Data engineering toolset (that I use) glossary

2021-06-04

Big data

Spark: Map-reduce framework for dealing with big data, especially for data that doesn't fit into memory. Utilizes parallelization.

AWS: Cloud platform for many tools used in software engineering.
AWS Fargate: A task launch mode for ECS task, where it automatically shuts down once a container exits. With EC2 launch mode, you'll have to turn off the machine yourself.
AWS Lambda: Serverless function, can be used with docker image too. Can also hook this with API gateway to make it act as API endpoint.
AWS RDS: Managed databases from AWS.
ECS Task: Launch a task in ECS cluster. For long-running services, launch via EC2. For small periodical tasks, trigger via Cloudwatch. For the latter, think of cron-like schedule for a task. Essentially at specified time, it runs a predefined docker image (you should configure your entrypoint.sh accordingly).

Parquet: Columnar data blob format, very efficient due to column-based compression with schema definition baked in.

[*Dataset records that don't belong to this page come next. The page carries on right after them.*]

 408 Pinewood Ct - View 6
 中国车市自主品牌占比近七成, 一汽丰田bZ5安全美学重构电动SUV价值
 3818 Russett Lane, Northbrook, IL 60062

Dagster: Task orchestration framework with built-in pipelines validation.
ETL: Stands for extract-transform-load. Essentially it means "moving data from A to B, with optional data wrangling in the middle."

NLP: Using machine (computer) to work on human languages. For instance, analyze whether a message is positive or negative.

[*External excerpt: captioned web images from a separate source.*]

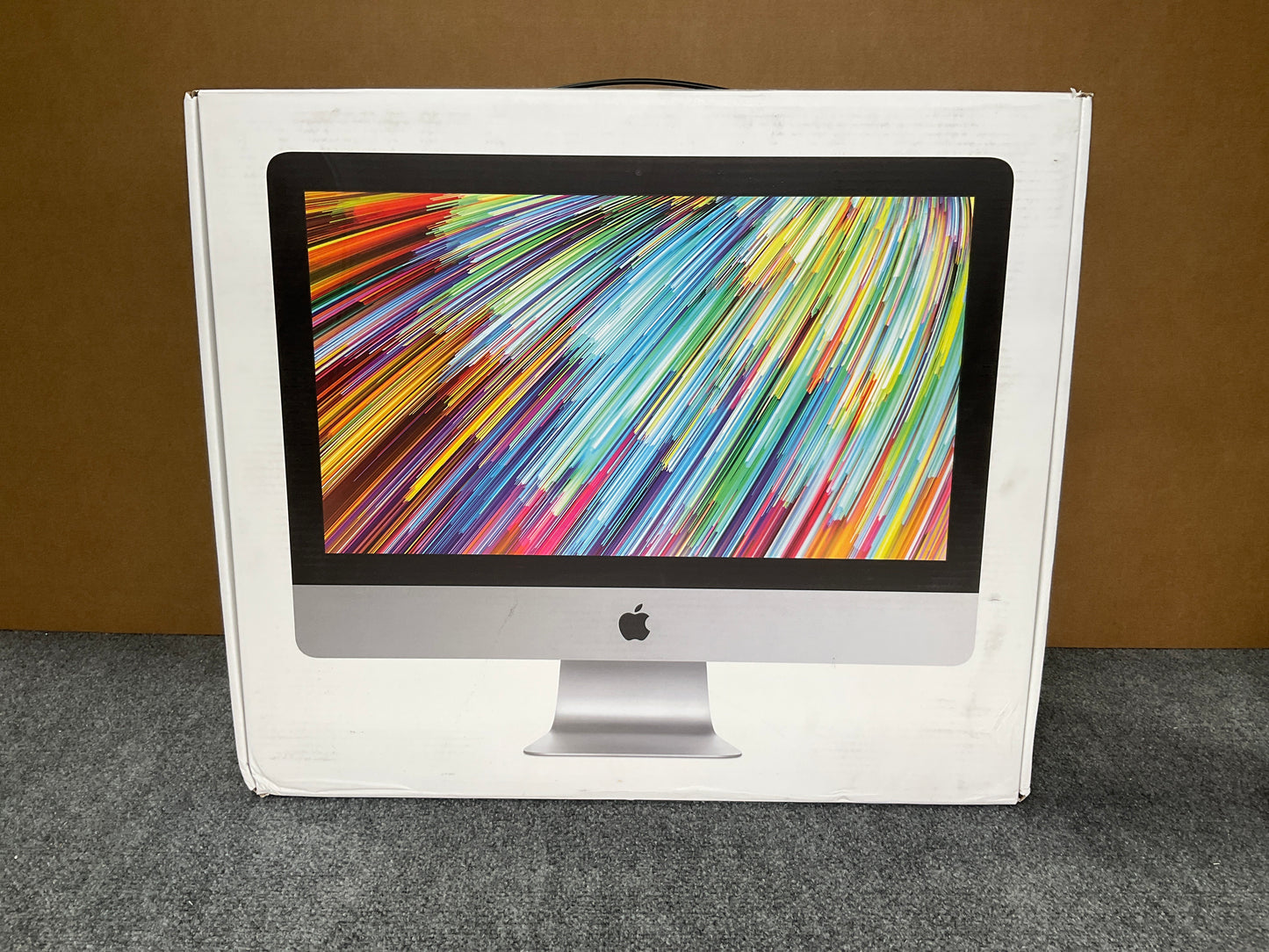 ♥ New, Open Box - iMac 21in 4K i5-8500 8GB / 1TB RP560X(4GB) MRT42LL/A (2019)
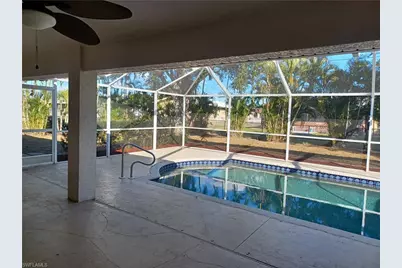 703 SW Santa Barbara Pl, Cape Coral, FL 33991 - Photo 17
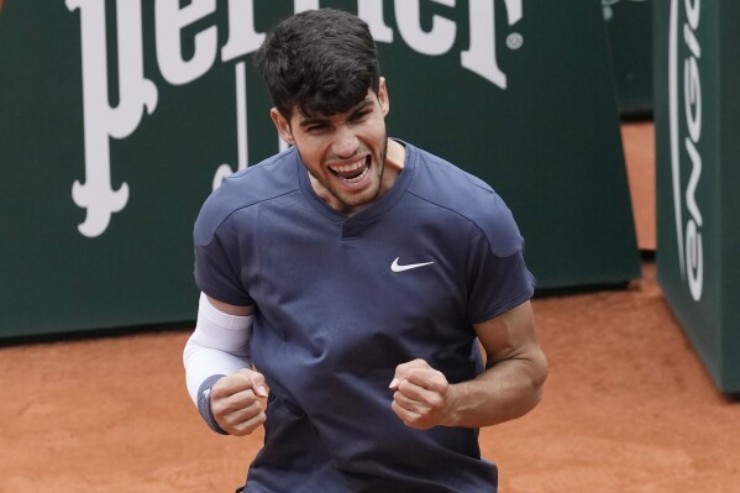 Alcaraz lọt vào tứ kết Roland Garros 3 mùa liên tiếp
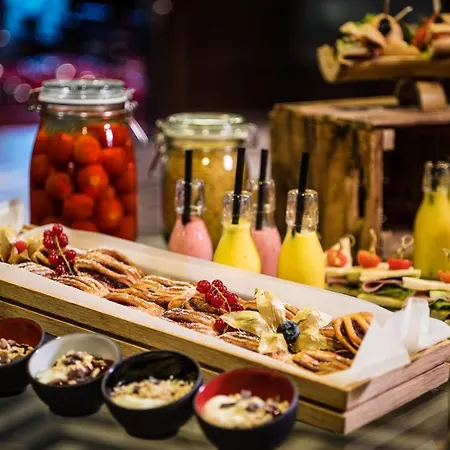 Sheraton Airport 4* Dusseldorf
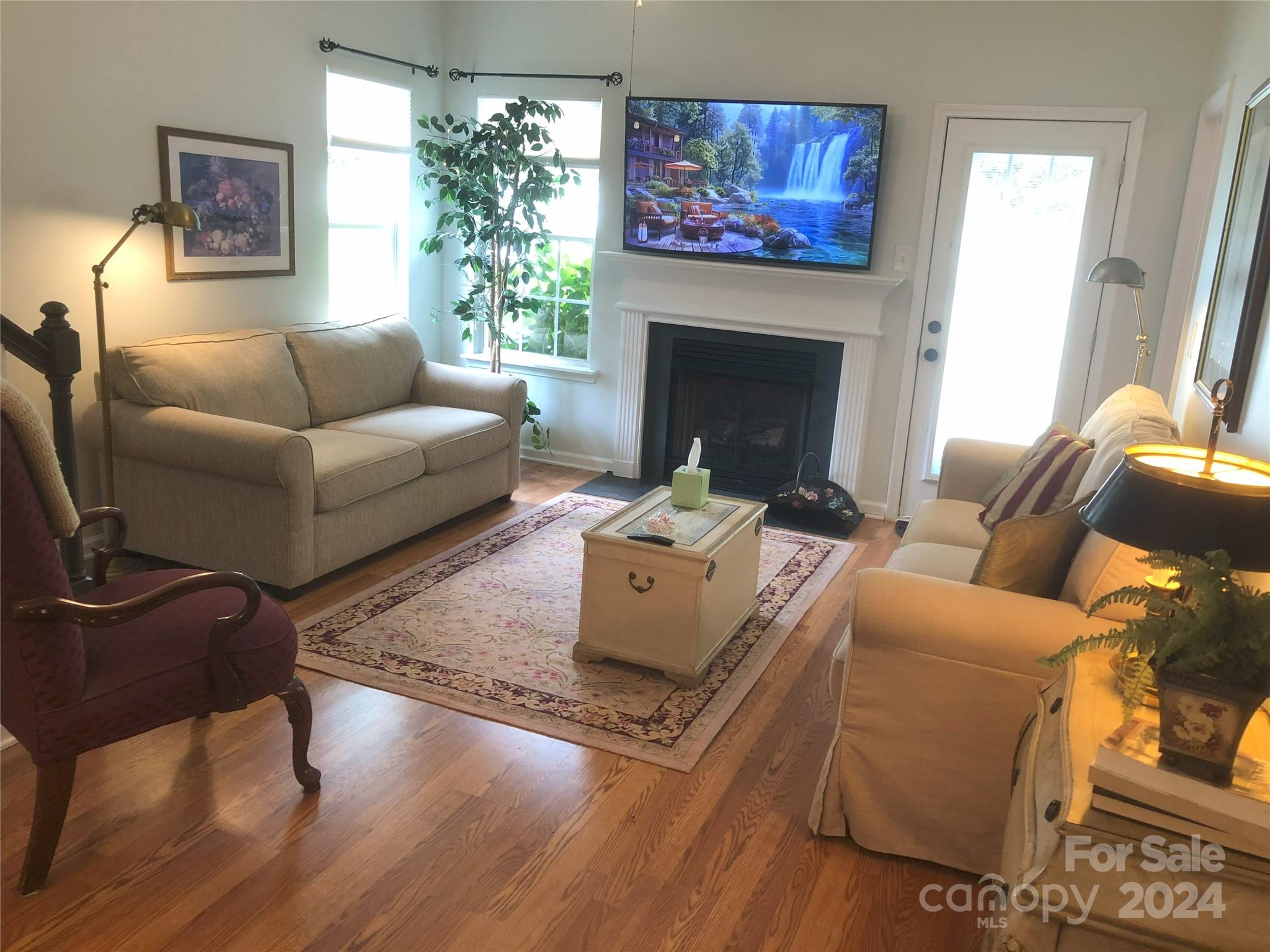 Cascades at River Crossing - Residential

Docker: Virtualization via containers.
Git: Version control.
Kubernetes: Container orchestration system.
Terraform: Infrastructure as code tool, essentially you use it to store a blueprint for your infra setup. If you were to move to another account, you can re-conjure existing infra with one command. This makes editing infra config easier too, since it automatically cleans up / update config automatically.

MLflow: A framework to track model parameters and output. Can also store model artifact as well.

Jupyter: Python notebook, used for exploring solutions before converting it to .py.